WI-5 — observability

  • Metrics: entitlement_regrade_total{result}, entitlement_drift_detected_total, regrade latency. One log line per regrade (resource_id, old→new). NR tile + alert if drift persists (regrade failing).

WI-6 — tests

  • Unit: tier→connLimit mapping; reconciler drift detection — iterate the live registry, not a hand-typed slice (reliability rule 18).
  • E2E: provision a hobby Postgres → upgrade team to pro → assert pg_roles.rolconnlimit on the customer DB actually changed.
  • Coverage test that fails if a new resource type gains a tier without a regrade path.

Sequencing

  1. WI-4 migration + WI-1 proto/provisioner RPC (foundation).
  2. WI-2 upgrade trigger (the fix).
  3. WI-3 periodic reconciler (the safety net).
  4. WI-5 / WI-6 alongside.

Risks & guards

  • DB unreachable (paused/down pod) → skip, retry next sweep; never hard-fail.
  • tierSizing.connLimit = -1CONNECTION LIMIT -1 (Postgres = unlimited). OK.
  • Backend ≠ k8s (dev local/shared) → no per-role cap exists → RPC no-ops.
  • Never regrade anonymous/expired resources.
  • Idempotent throughout (River job + applied_conn_limit check) — safe to re-run.
  • Webhook stays fast: enqueue only, never block on the provisioner call.
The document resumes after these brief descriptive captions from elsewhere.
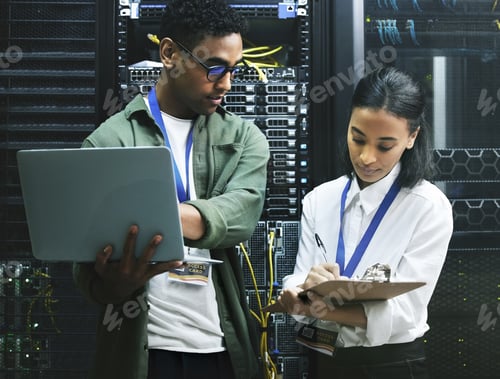 Preview: Make a note of this. Shot of two technicians working together in a server room.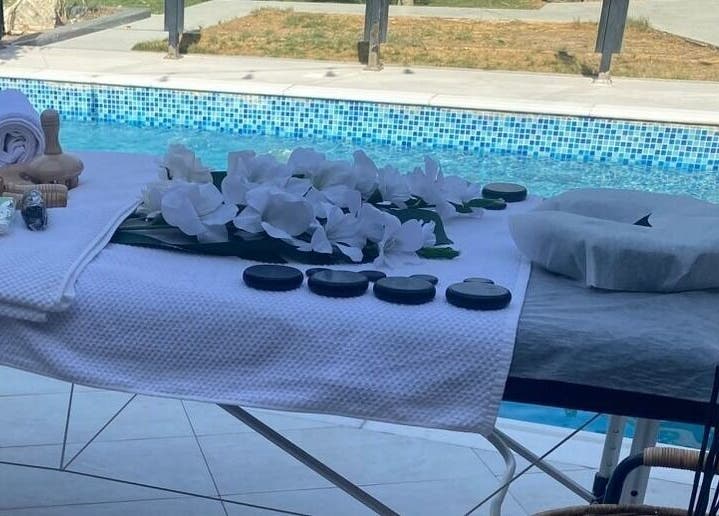 Massage table by pool at MMSPA - Home Service, Riyadh, SA, with towels and stones for relaxation.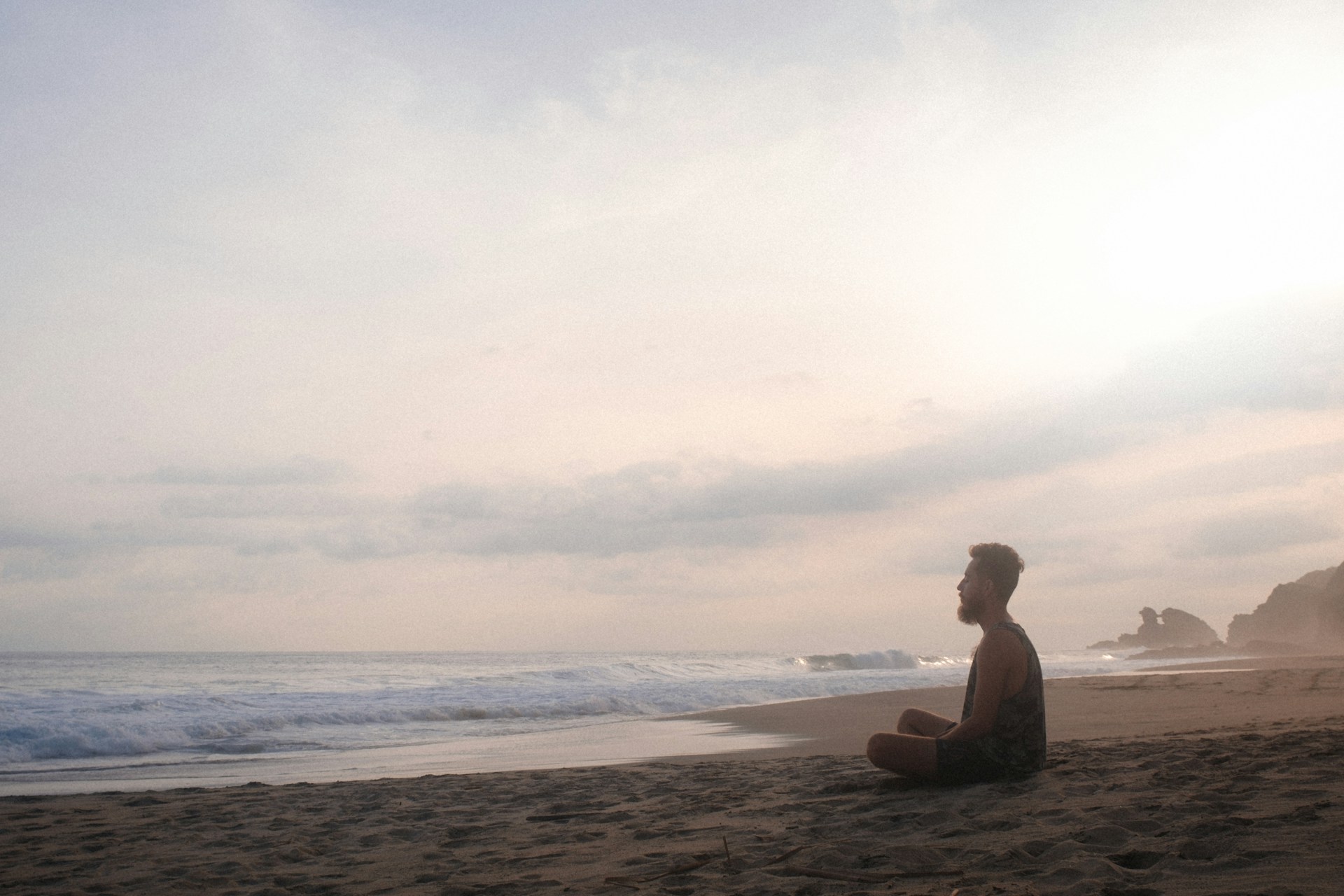 woman sitting on beach during daytime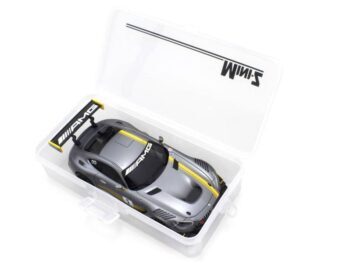 De afbeelding toont een doorzichtige opbergdoos met een zilverkleurige modelauto met gele accenten erin. De doos heeft een deksel met een logo.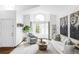 Inviting living room with large window, comfortable seating, and decorative accents at 9257 Shadowglen Ct, Highlands Ranch, CO 80126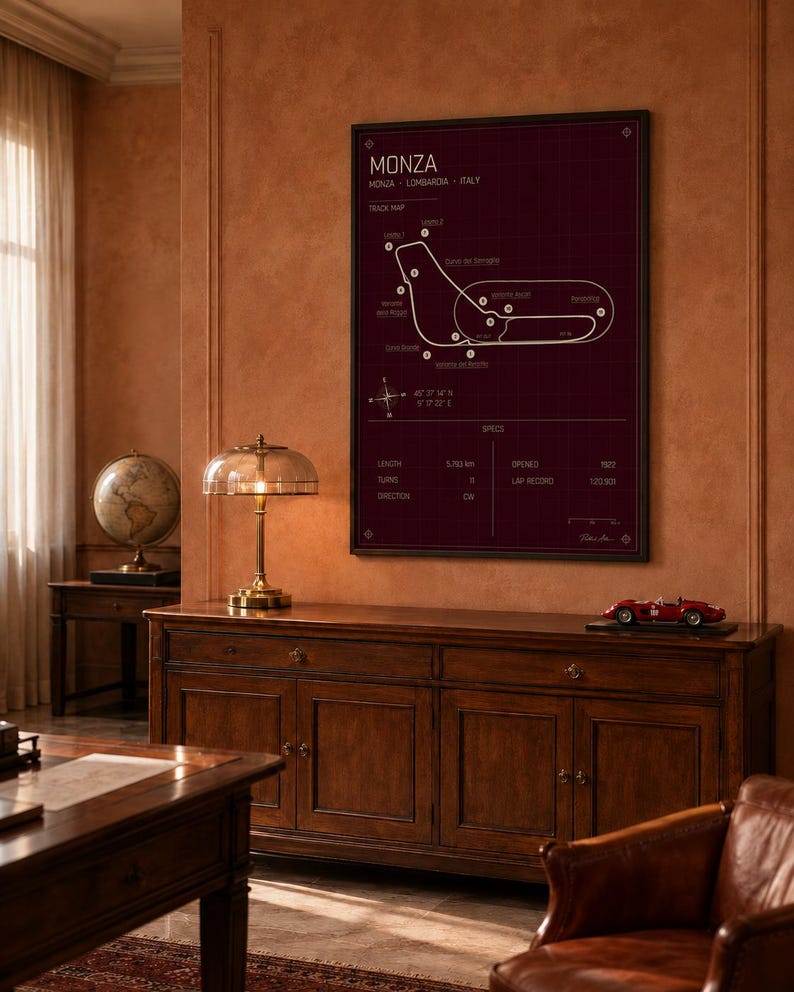 Op de afbeelding: Een ingelijste print van het Monza-circuit in Itali&euml;, met een witte circuitkaart op een donkerrode achtergrond. De print bevat circuitspecificaties en wordt weergegeven boven een houten kast met een modelraceauto.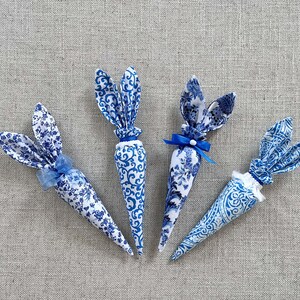 K&ouml;nnte beinhalten: Vier blaue und wei&szlig;e Stoff-Osterhasen-Karotten mit blauen Schleifen. Die Karotten liegen auf einem hellgrauen, strukturierten Hintergrund.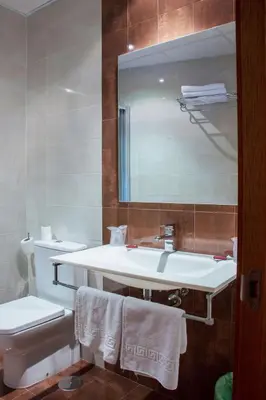 a bathroom with a sink and a toilet and a mirror at Hotel Mabú in Ourense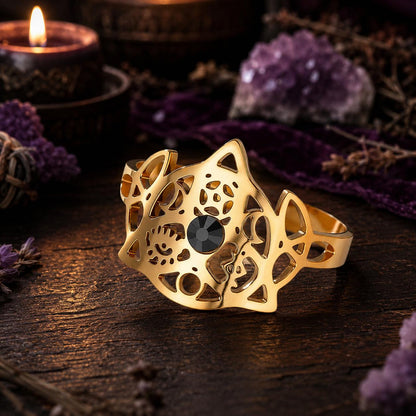 Gold Celtic Knot open ring with black stone in a Pagan altar scene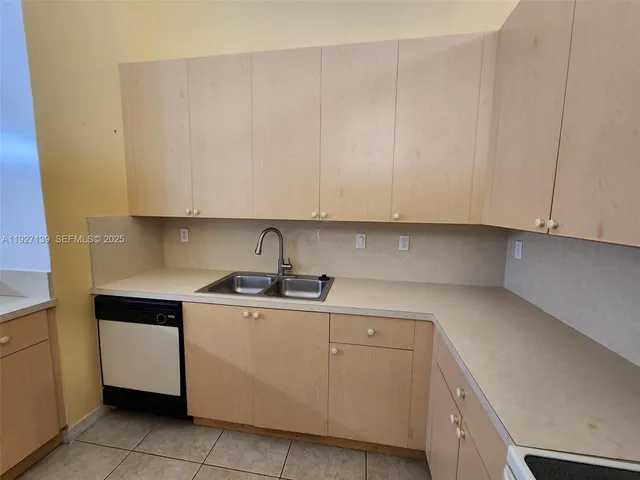 a view of an empty room with a large window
Deploy (reliability rules 15 & 23)

proto change ⇒ buf generate ⇒ rebuild provisioner + worker + api ⇒ deploy each ⇒ verify-live. Provisioner/worker rebuilds are manual unless their auto-deploy workflows are confirmed green.

Assumptions to verify before coding

  • The provisioner can map a resource token → its k8s namespace/pod (it provisioned it — provider_resource_id/key_prefix should suffice).
  • Worker queue is River (worker/ uses River per repo docs).
  • Provisioner tierSizing.connLimit vs plans.Registry.ConnectionsLimit may disagree — Phase 1 uses tierSizing (provision-time parity); a follow-up should unify them onto plans.Registry (reliability rule 22, single source of truth).